Because in order to make data from one system climate data store to Google Earth Engine to make them available there, we have to download the data in GRIP or NetCDF. We have converted the data to GeoTIFF. We have to upload them to Google Cloud Platform, and then we have to ingest them to Google Earth Engine.
And so the entire process to make seven era five parameters available, around four or five terabytes of data, it took around nine months. And this brings me to the needs. And one important need is, yes, systems have to interoperate with each other
and data have to be easily exchangeable with each other. And this can be achieved with standards. But it has to be beyond, or it has to go beyond web mapping services because we are data users and large volumes of data, we want to have the real access. So we also have to, we need more web coverage services
and web processing services. The second need is, yeah, we have to make it easier to handle and process the data with tools users use. And so Python and R are at the moment the languages data scientists use. And so, yeah, we need good and handy wrappers
and drivers to work with the data. And ECMWF has put a strong focus on making it easier and also bringing the custom built software to the Python world, specifically the last year. And the third need is,
if we have these tools and the packages and the data, we also have to show how we can actually efficiently put these everything together. So we have to generate reproducible workflows and we have to train data. If you like to discuss and talk about reproducibility,
please have a look at the reproducibility workshop at ECMWF. We will dedicate three days on this topic in mid of October. And so now it's, yeah, the question is, okay, where are we going? And it's not a surprise. Yeah, cloud is the future.

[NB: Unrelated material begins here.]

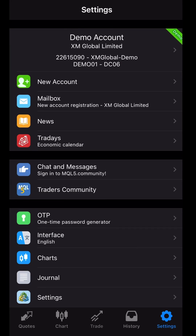Looking at the screen now, you can see this is an XM account — a demo account for the purpose of this tutorial. Say you have some random account logged in, or there's no account logged in at all, and you want to log in a new demo account. You see the arrow right there at the top — click on that.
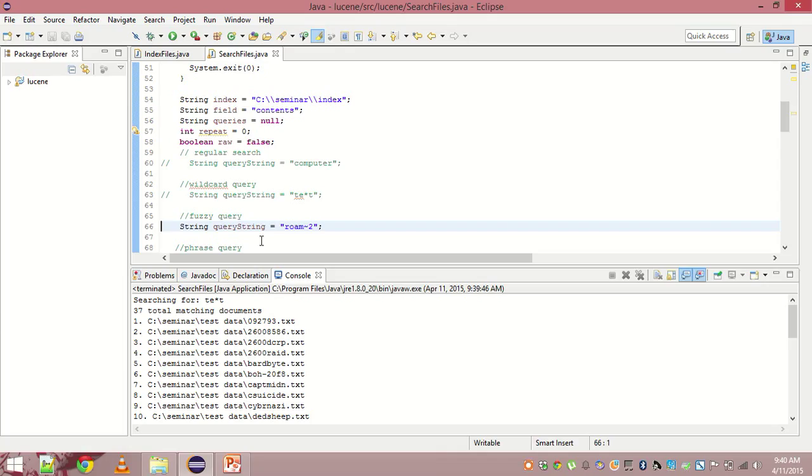The next type of query is fuzzy query. What is fuzzy query? It is based on Levenstein distance. We use Levenstein distance to correct the spellings of words or to find similar words. It's a very famous algorithm.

So ECMWF is involved in quite a few cloud projects at the moment. So, but this shows also that there's still a lot of question marks as well, how data services can be set up also on the perspective from data providers. And, but the good thing is the user survey, I also ask users if they would be motivated
to migrate to cloud services and 68% were interested or even very interested to migrate to cloud services to do their processing there. But we have to keep in mind, not just, just because of the fact we have a new system,
we have cloud services and yeah, and it might be beneficial for users. It doesn't necessarily mean that users also use the systems. And so cloud is a paradigm change and we have to keep in mind that change also always takes time. So to conclude this talk, I just would like to give you three take home messages.
And the first one is a quote from Albert Einstein saying, problems cannot be solved by the same level of thinking that created them. So I just wanted to say that, yeah, we have to keep in mind in our day to day work rather than to work on what is possible now to think what do we want to have in 10 and 20 years
and work towards this path. The second take home message is, I think it's less of a problem here in this community, make reproducibility and sharing to a part of your personal code of conduct. So see it as a chance rather than a hassle.
And the third one is, train others, share your skills and also knowledge. So what we discuss during these days here and also in other conferences, we have to bring to universities, we have to bring to companies and public authorities to really train the next generation of geospatial practitioners.
And I liked the resemblance from Vasily yesterday. So yeah, and I want to conclude it with, just continue building bridges and I wish everyone an inspiring FUS4G. Thank you.